Artificial intelligence (AI) is everywhere. From health to mobility, industry, education, and agriculture, it has infiltrated every sector in recent years, becoming a major challenge for its players.
Recent progress in this field, which is increasingly impressive (particularly in artificial vision and natural language processing), is the result of enormous human engineering efforts, colossal computational (and therefore energy) resources, and considerable publicity. This is an important path, in which many industrial and academic actors are engaged. But is it the only path for AI research?
Behind the "commercial" AI: a daily AI
There are indeed two types of artificial intelligence:
- the AI of the "frontier", very present in the congresses and the media, which does always more, always faster ;
- the AI of everyday life, far from the mediatized applications, but used by all scientists and engineers and often based on more rudimentary methods, because stable, accompanied by algorithms and well established guarantees, and less greedy in data.
Both are important, and go hand in hand. Moving from one to the other is a big deal, where "getting the algorithm to work" or beating the state of the art on a benchmark are not the only goals. "There is a difference between writing a proof-of-concept paper and having something practical. Going from published research to actual research is not easy. It's less in the spotlight because it's more thorough, but it's just as important, to understand what's going on," explains Francis Bach, Inria research director, before adding:
When you apply AI to advertising, if you're wrong, it's not dramatic, but it's much more dramatic if it's applied to complex problems, critical sectors like aviation. Then you have to go back to hypotheses, and go further than showing beautiful images. You have to go back to classical science.
In other words, it is necessary to understand the phenomena in order to better control them, and to give the theoretical guarantees necessary for their deployment in sensitive areas (airplanes, cars, health).
The path to frugal AI
Understanding AI also gives us the power to adjust the computing resources needed for its proper functioning, and therefore, to be less power-hungry.
Today, in order to obtain convincing results in AI, we rely on overparameterization, i.e. setting a very large number of parameters to obtain better performance. This raises two questions: does overparameterization really lead to better results? And can similar results be reproduced with fewer resources?
"A lot of parameters means big machines and big data. Overparameterization requires huge resources," says Francis Bach, before asking: "By making large AI models, we know that it works. But why not do it with something smaller?

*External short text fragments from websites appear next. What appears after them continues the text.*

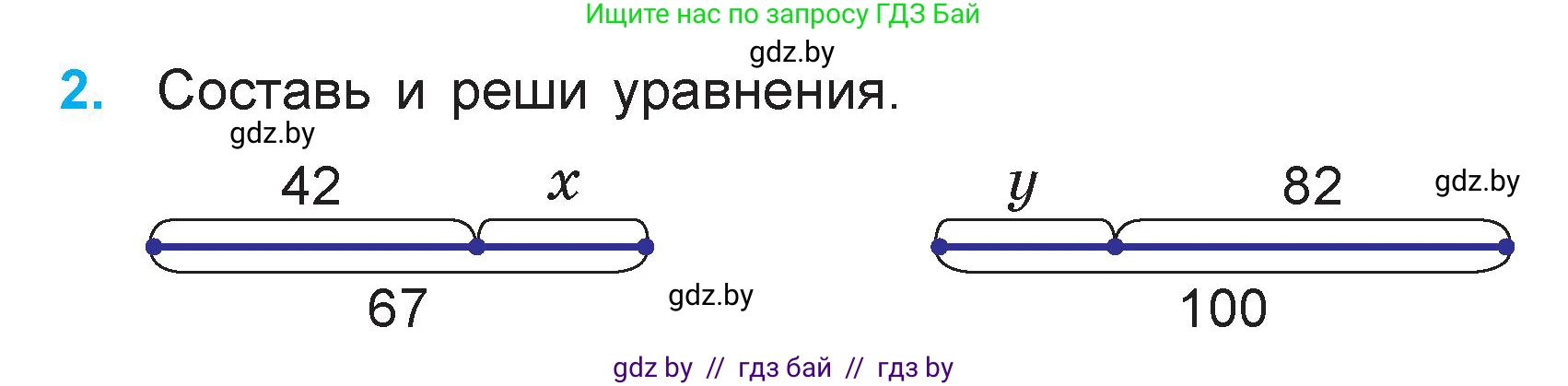 Математика, 3 класс Учебник, авторы: Муравьева Галина Леонидовна, Урбан Мария Анатольевна, издательство Национальный институт образования, Минск, 2021, оранжевого цвета, Часть 1, страница 124, номер 2, Условие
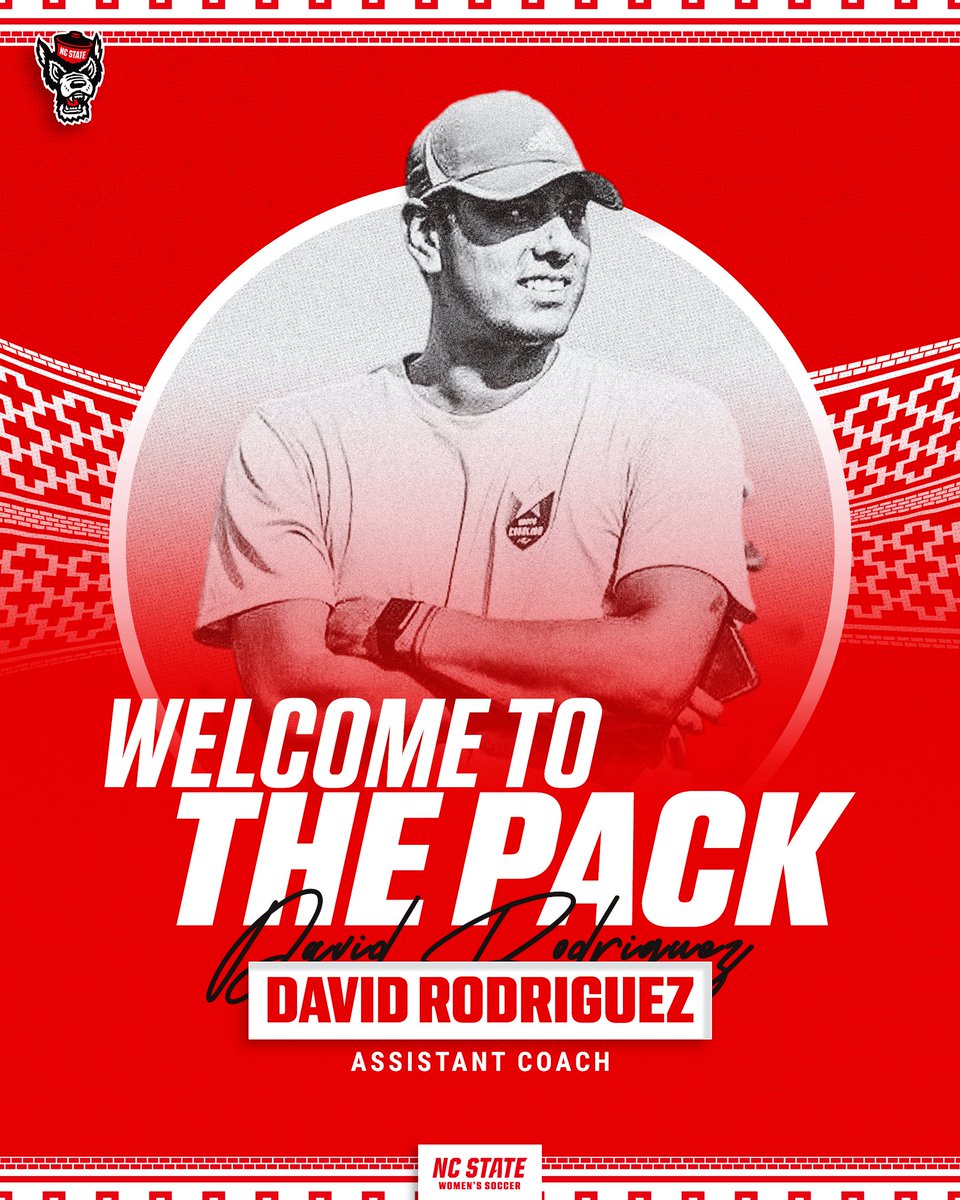 Welcome to the Pack David Rodriguez!

🔗 bit.ly/3Q04hms 

#PackWSOC | #GoPack
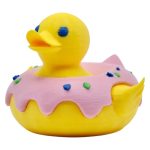 Donut Duck Figurine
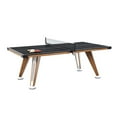 thumbnail image 1 of Hall of Games Midcentury 40mm Thick Indoor Tennis Table, 1 of 7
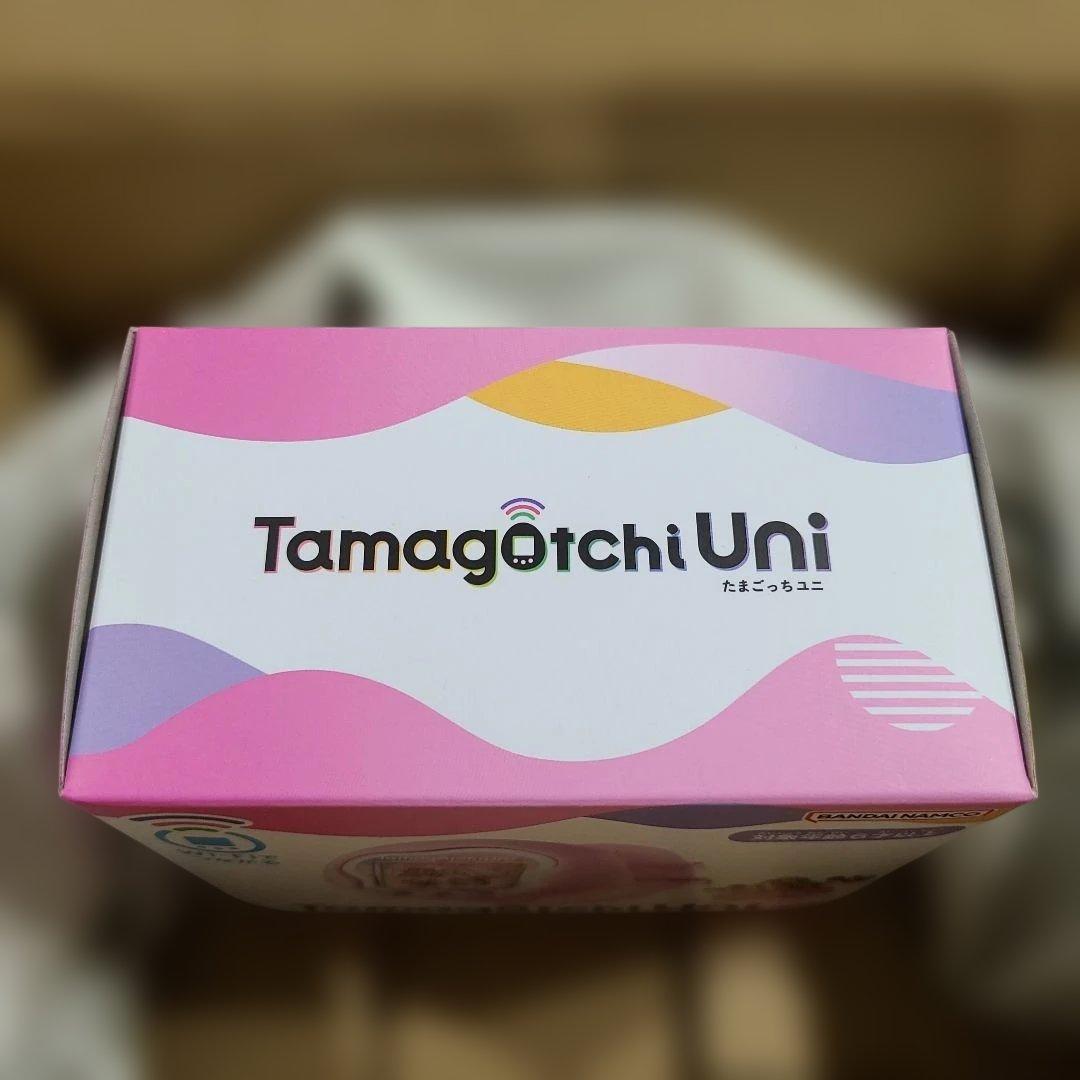 たまごっちユニ、オーロラピンク。Aurora Pink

The challenge today is to know how far we need to go to overparameterize in order to obtain convincing results, with the aim of being able to predict the resources needed for a given problem. And all the while hoping that they will be less.
Frugal AI will also require our ability, once we have analyzed the resources needed for our calculations, to make compromises. First of all, on computation time: "Running 100 machines to reduce computation time consumes a lot of energy. By accepting that the calculation time is a little lower, we could save energy," explains Francis Bach.

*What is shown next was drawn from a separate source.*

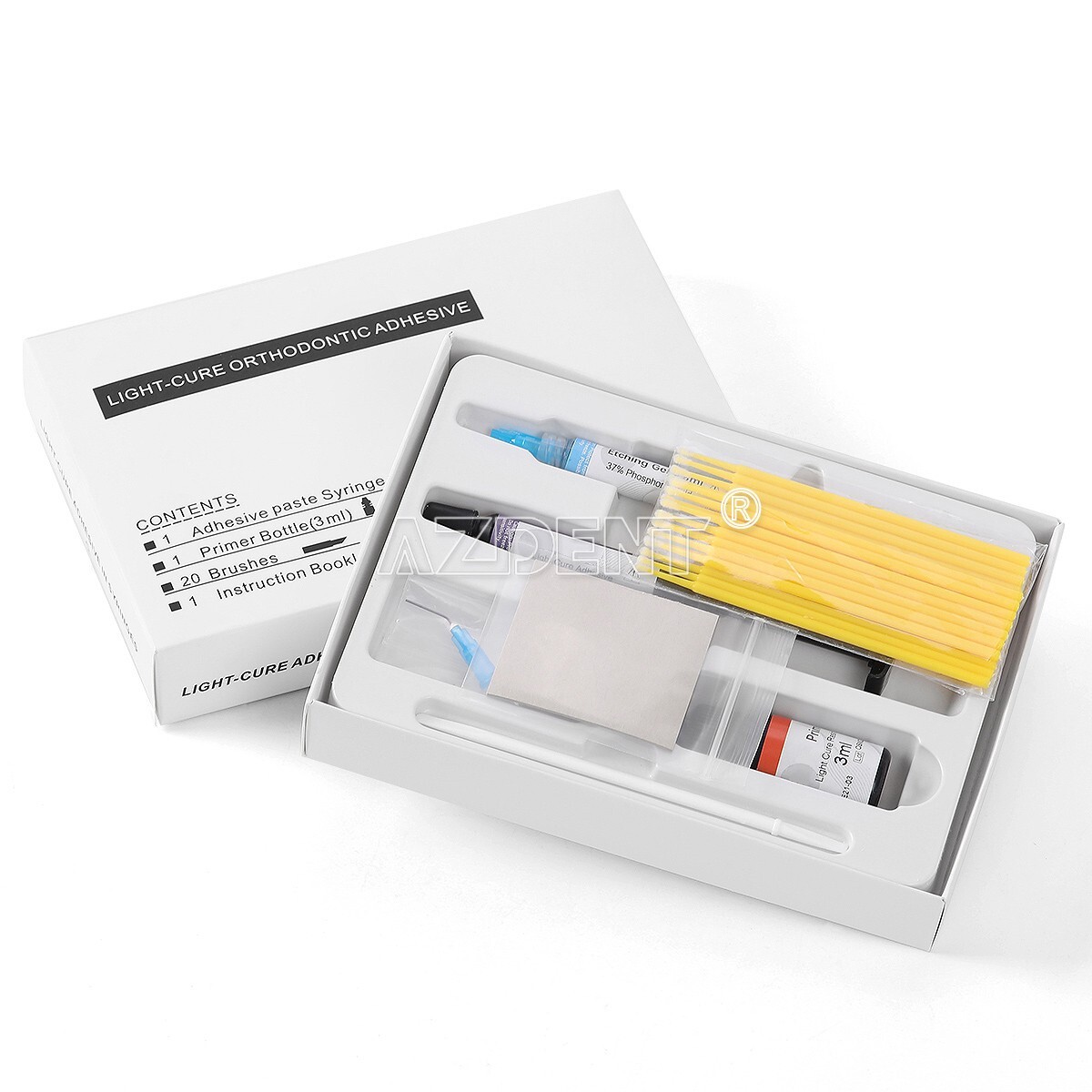 Dental Resina Fotopolimerizable Esmalte Dentinario /Adhesivo Visible /37% Ácido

Another trade-off lies in the performance of AI: "Today, it has to work as well as possible, as quickly as possible. However, we should be ready to adjust and lose performance in order to have something less expensive. This is the classic problem of the benefit/risk ratio. We always make compromises, but the interest would be that the cursor is not only blocked on the energy expenditure", he concludes.
Francis Bach, speaker at ICM 2022
Francis Bach will be a speaker at the International Congress of Mathematicians (ICM) 2022, which will be held online from July 6 to 14.
His talk, scheduled on July 13 from 14:15 to 15:00 (room 6), will focus on collaborative work with Lénaïc Chizat, currently a professor at EPFL, in which they showed that gradient descent, the most commonly used optimization algorithm for learning overparameterized neural networks, reaches the global minimum of the objective function it seeks to minimize, thus providing a partial justification for the need for overparameterization.